▶ What you will do
Omit the pictures and retype only the lines from the one containing "Aretes Zesen de" through the end of the listing, both ends included.

▶ Given data

▼

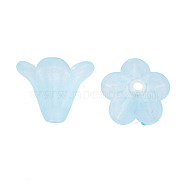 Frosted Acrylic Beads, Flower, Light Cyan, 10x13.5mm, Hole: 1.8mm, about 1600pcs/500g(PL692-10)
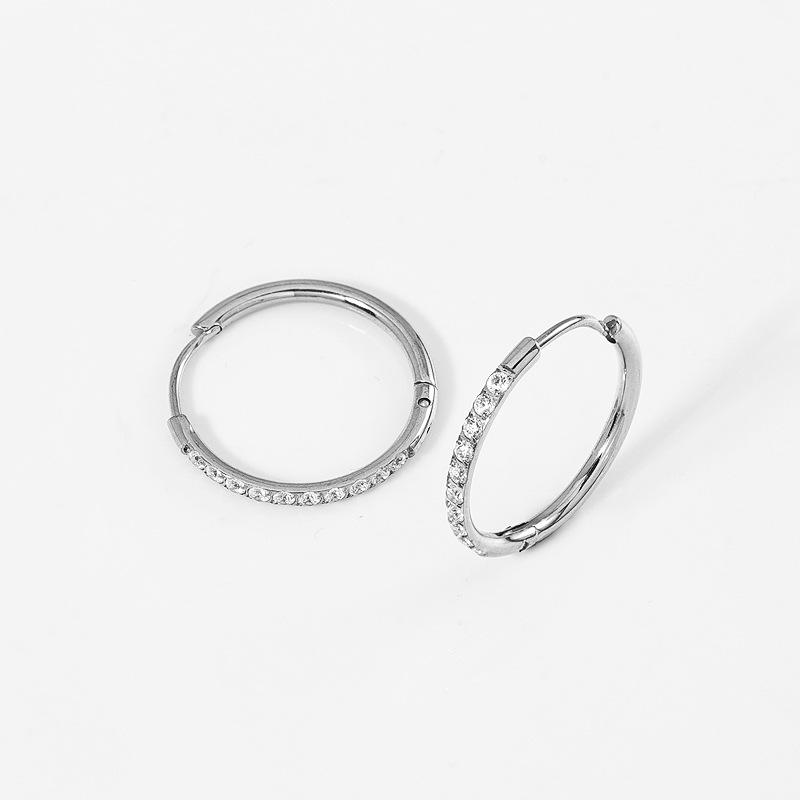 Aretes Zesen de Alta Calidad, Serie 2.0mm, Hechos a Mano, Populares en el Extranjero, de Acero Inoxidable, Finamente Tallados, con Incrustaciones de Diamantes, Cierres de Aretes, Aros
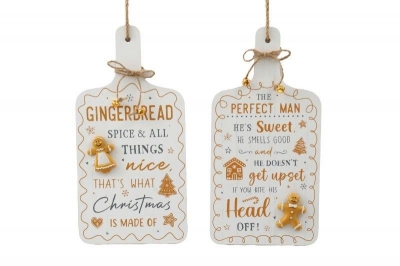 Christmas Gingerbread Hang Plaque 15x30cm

▲

▶ Result of this task
 Aretes Zesen de Alta Calidad, Serie 2.0mm, Hechos a Mano, Populares en el Extranjero, de Acero Inoxidable, Finamente Tallados, con Incrustaciones de Diamantes, Cierres de Aretes, Aros
 Christmas Gingerbread Hang Plaque 15x30cm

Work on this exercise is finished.